Jack Smith ends with a footnote

And so it ended for special counsel Jack Smith: Not with the glorious sunset ride of a conquering hero his supporters had hoped for, but a 24-word footnote indicating he had “separated from the Justice Department,” his final report in limbo, and gleeful allies of Donald Trump exhorting him to “lawyer up.”

It was the undignified end of a painful process — for Smith and the nation — one that began with Trump at the nadir of his influence and ended with him surging back to the White House, crushing the criminal cases that once seemed certain to land him in prison.

Trump is now in a position not only to stamp out Smith’s work but to turn the tools of the Justice Department and a Republican-controlled Congress on his former pursuers, and to use his powers of clemency to rewrite the history of the harrowing events that led to his criminal charges in the first place.

Smith, who Garland hired right after the 2022 midterms and Trump announced his 2024 reelection bid, is about to find himself the most scrutinized man in a GOP-run Washington. Lawmakers loyal to Trump have vowed to use their oversight powers to delve deep under the hood of his investigations, which led to two federal criminal cases against the once and future president. Those probes resulted in dozens of felony charges against Trump — and cost $35 million through March 2024, a number that has likely climbed significantly since.

Smith’s charges included allegations that Trump criminally conspired to disenfranchise millions of voters and pressure government officials — including his own vice president Mike Pence — to overturn the results of the 2020 election. Those efforts, Smith was prepared to argue in trial, culminated with the violent Jan. 6 attack on the Capitol by thousands of Trump’s supporters.

In a separate case in Florida, Smith also leveled allegations that Trump jeopardized national security by hoarding highly classified military secrets at Mar-a-Lago after leaving office.

Prosecutors dropped both cases against Trump after he prevailed in November, citing their longstanding policy against charging a sitting president.

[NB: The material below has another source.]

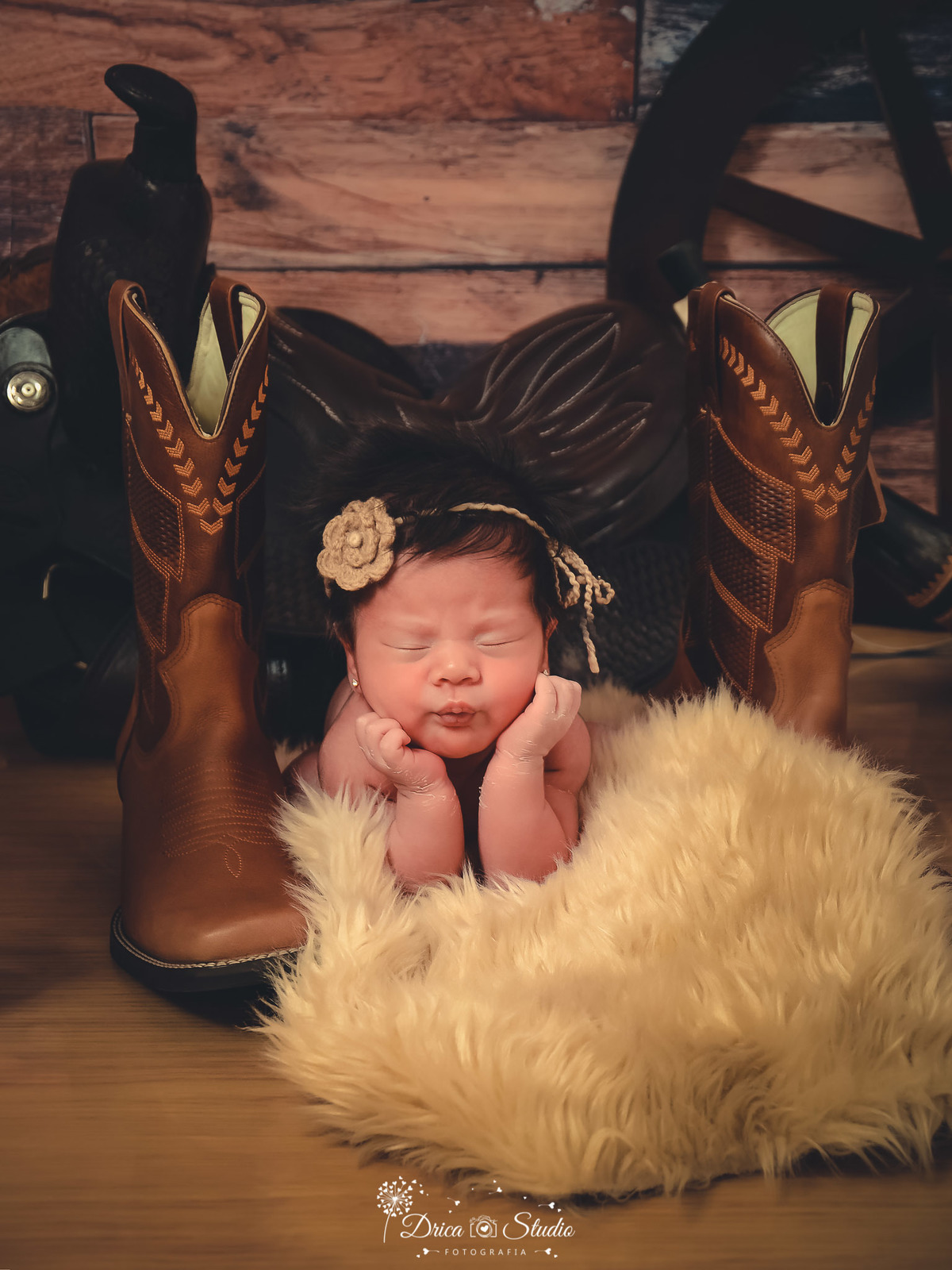 Newborn - fotos infantis - fotos de recém nascidos - fotos em estúdio - cenários para recém nascidos - fotos infantis criativas - fotos infantis country - Xinguara - Pará - Fotografia - Drica studio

Now, even Smith’s effort to inform the public about his findings seems in jeopardy. At the urging of Trump and two co-defendants, U.S. District Judge Aileen Cannon — who presided over the classified documents case — has blocked Attorney General Merrick Garland from publicly releasing Smith’s report, even the portion that had nothing to do with her case. A tangle of ensuing court proceedings has only muddled the picture further.

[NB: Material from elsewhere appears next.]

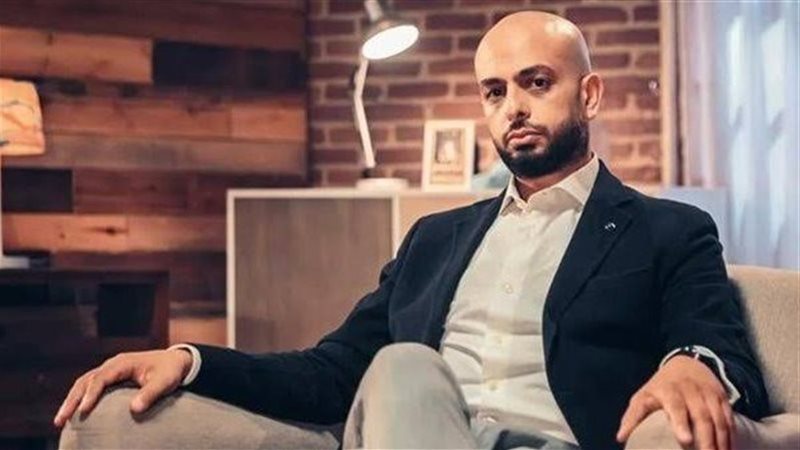 الكاتب أحمد مراد،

That could result in the once unthinkable prospect that a trove of Smith’s findings — those that haven’t already been made public in court filings and indictments — may never see the light of day or could be bottled up indefinitely.

The scrutiny and second-guessing of Smith’s work — and the strategic decisions by Garland, the man who appointed him — will now be as much a Washington preoccupation as the probe itself once was.

But Smith’s quiet departure underscored an age-old Washington truism: no matter what principles of law or politics or justice are at stake, all that really matters is winning.

Had Trump lost, his first public interaction with Pence in years may have been across a courtroom rather than over an awkward handshake at President Jimmy Carter’s funeral on Thursday. And Trump would have been staring down the prospect of spending the rest of his life fighting criminal cases.

Instead, in just nine days, Trump will retake the most powerful office in the world. And the man who might have stopped him? A footnote.